Like many Nashvillians, I have been caught up in the ongoing drama of the Britney Spears conservatorship in California.
There are many things about it that we may never know, especially Spears’ medical information, which is confidential. But there are several disturbing facts and allegations that might make you worry that something like this could happen to you or your family.
First among these, is the appearance of a competent, talented young woman who has been able to make millions of dollars over the course of the 12-year conservatorship, none of which she controls.
Instead, her father, who has no background in finances has overseen the money, at times without the assistance of a bank or other financial manager.
Secondly, there is the idea that a woman who appears that competent would not be able to get out of a conservatorship and the control over her person and property that a conservatorship involves.
Finally, there is the disturbing allegation that the conservator has controlled Spears’ decisions about her fertility, refusing to allow her to see a doctor to have her IUD removed when she wants to have a child.
Could this play out under Tennessee law?
Although most conservatorships involve older people who are no longer able to manage their health care decisions or finances, that is not always the case.
Under Tennessee law if any interested party petitions the court, and if the court finds by “clear and convincing” proof that subject of the petition (“the respondent’) is fully or partially disabled and is “in need of the assistance of the court,” the court can appoint someone as conservator over the respondent’s “person” or “property.” Usually, but not necessarily, the conservator is only one person over one or both of those areas.

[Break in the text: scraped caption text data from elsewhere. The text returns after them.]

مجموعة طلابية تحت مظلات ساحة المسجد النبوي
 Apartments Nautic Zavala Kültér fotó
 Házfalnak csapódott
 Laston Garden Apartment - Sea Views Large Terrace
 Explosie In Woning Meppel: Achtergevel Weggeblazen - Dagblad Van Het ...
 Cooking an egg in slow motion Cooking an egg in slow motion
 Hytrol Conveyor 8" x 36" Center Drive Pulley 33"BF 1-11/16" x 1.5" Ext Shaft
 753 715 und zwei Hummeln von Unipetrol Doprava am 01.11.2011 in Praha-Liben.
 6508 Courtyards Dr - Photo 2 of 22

The conservator over the person makes decisions about medical examinations, treatment, therapies, and end of life decisions.
The conservator over the property makes decisions about property, purchases, contracts, lawsuits, and other financial matters.
The court has an obligation to impose the least restrictive alternative, that is to take away rights from the respondent only to the extent necessary.
No rights can be taken away without the notarized statement and sometimes testimony of a doctor or, where necessary, a psychologist, who has seen the respondent in the last 90 days. The doctor or psychologist must set out a diagnosis and other medical information and affirm that the respondent needs a conservator over person, property, or both.
A conservatorship can be ended whenever the court finds that the respondent is no longer disabled or that the conservator has failed to perform their duties or act in the best interest of the respondent.
The respondent can get the court to consider termination by sending a letter or even by letting the court know through some sort of oral communication. In other words, a respondent could just show up and ask that the court terminate the conservatorship.
Although I’m not familiar with a conservator controlling the fertility of a respondent, I can imagine that happening in some situations.
All the same, that would be unusual and, for a woman as seemingly competent as Spears, I believe that kind of decision would be highly scrutinized by the court.
We have two very good judges in Nashville who handle conservatorships—Randall Kennedy and Amanda McClendon.
They are careful and empathetic with people in these situations.
All in all, we can rest easy in Nashville that the Brittany Spears situation won’t happen here. There are many legal safeguards and good people involved.